Extracted the archived Skype package, moved its contents to /usr/lib/skype and created symlink from /usr/lib/skype/skype to /usr/bin/skype

Hebrew TTF Fonts:

It was a bit more tricky. I had to get these fonts from some Windwos machine. I got them from one of my licensed desktops, and copied them (only .TTF and .ttf) to /usr/share/fonts/truetype/ttf-windows – a directory created for this purpose. I have then created a symlink for every ttf file in this directory to /var/lib/defoma/x-ttcidfont-conf.d/dirs/TrueType , which gets included in the default xorg.conf. After restarting X, it worked like a charm.

mplayer:

I have installed mplayer using the restricted and multiverse repositories. I was surprised when I was able to play movies out of the box. Maybe my common codecs are just enough… I will look into it later.

XGL:

I have installed the latest NVidia driver for amd64 from NVidia’s site, and configured Dual-Head setup per my already-existing-too-messy xorg.conf file. xorg.conf.nvidia

Followed the Beryl Wiki for Ubuntu, by the letter. Mind you – I was aiming at XGL with Gnome.

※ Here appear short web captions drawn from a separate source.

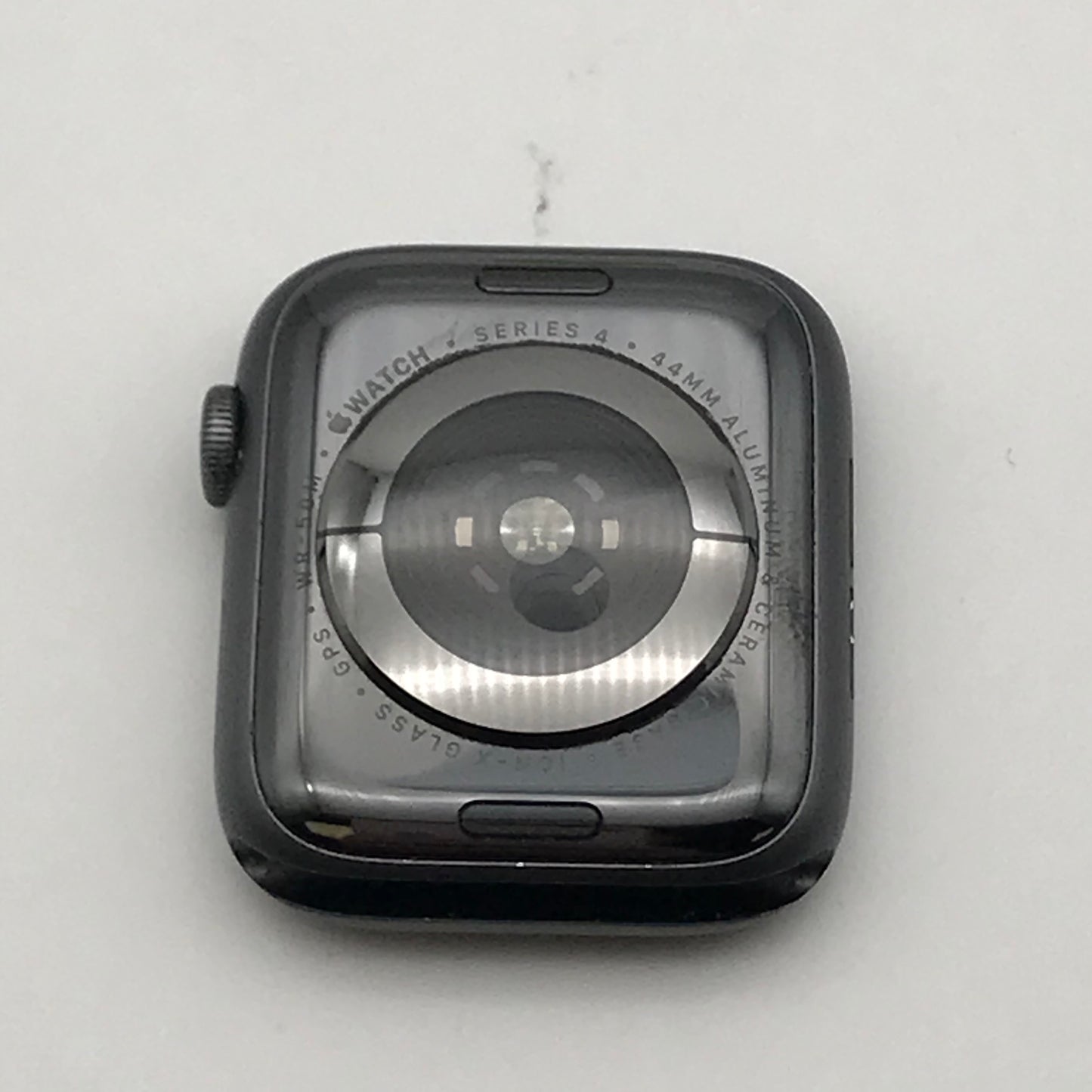 GPS Only Apple Watch Series 4 44MM Aluminum MU6E2LL/A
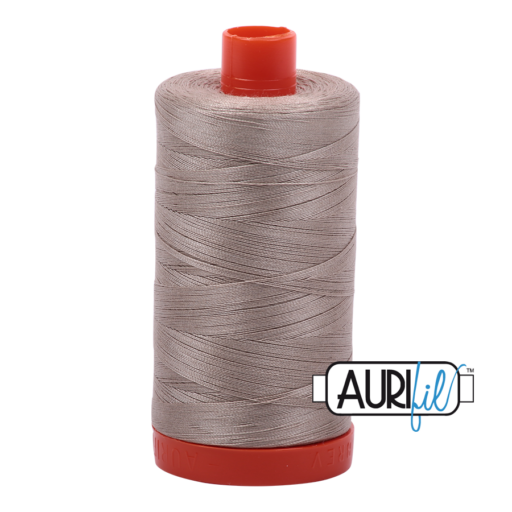 Rope Beige 5011 - 50WT COTTON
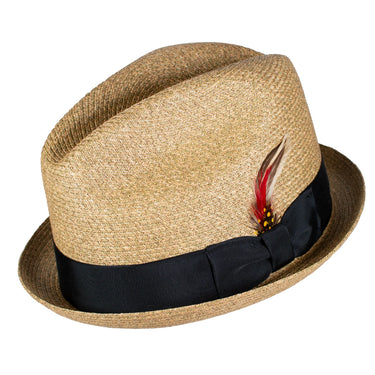 Capas The Soho Panama Hat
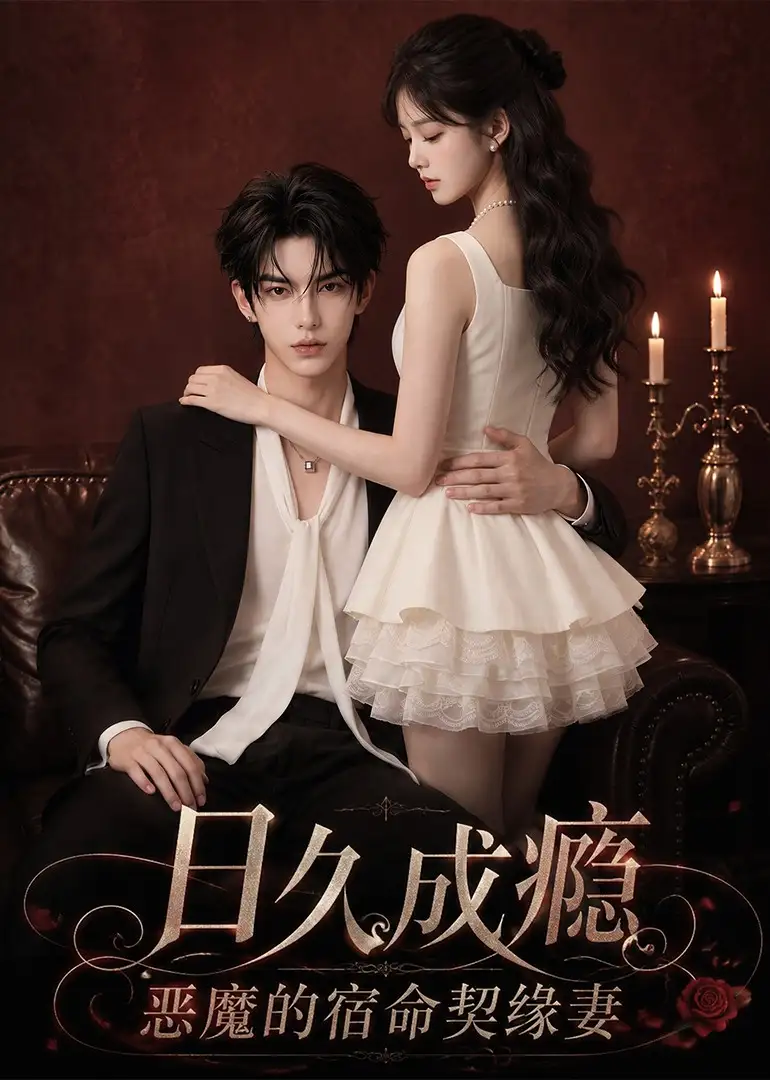 日久成瘾恶魔的宿命契缘妻(70集)-紫橙项目网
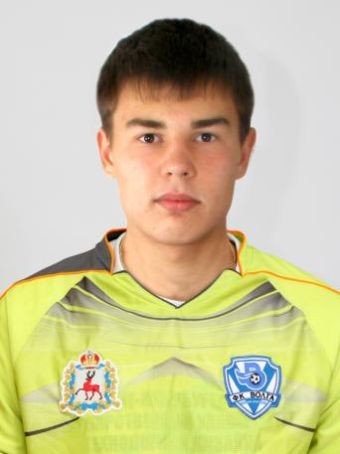 Осин Фёдор Иванович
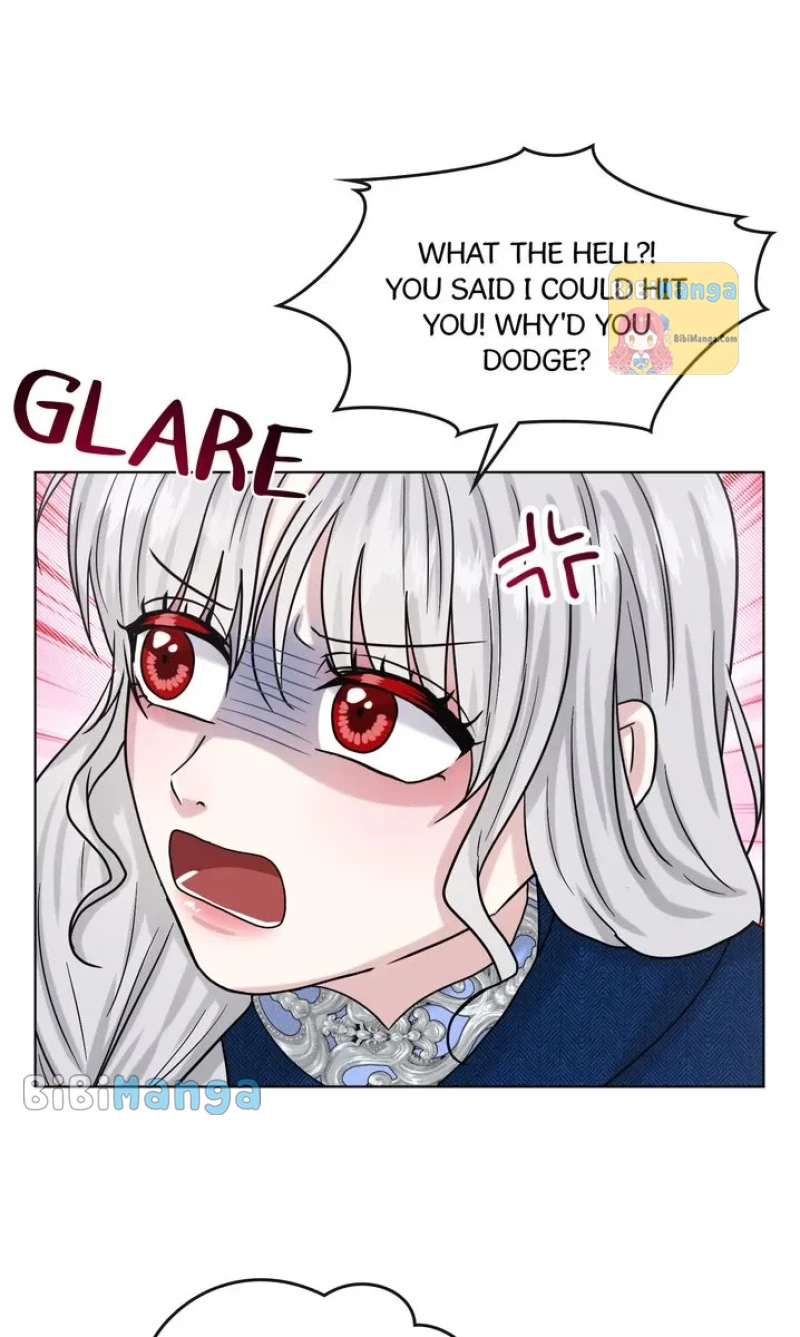 How to Get Rid of My Dark Past? Chapter 73 - page 72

I was so delighted when it turned out to work with my Dual-Head at a total resolution of 2560×1024

Flash in Firefox:

That was to trickier one. I managed to find this guide in Ubuntu forums which was more than enough for me. I did not notice on the first attempt, however, that there are two RPM packages required, and thus failed the procedure. When I have noted it, I was able to complete the task flawlessly.

So, now I have a completely working system, per my needs and requirements. I’m very happy, and I hope I gave good pointers to others who want to use their new 64bit system in a normal manner, even when some vendors do not supply 64bit compatible binary software.

Remember the power of the open source – If it is required to work under 64bit environment it wil be ported to one, while commercial software companies tend to fall behind with new, and sometimes not too popular, propriety systems.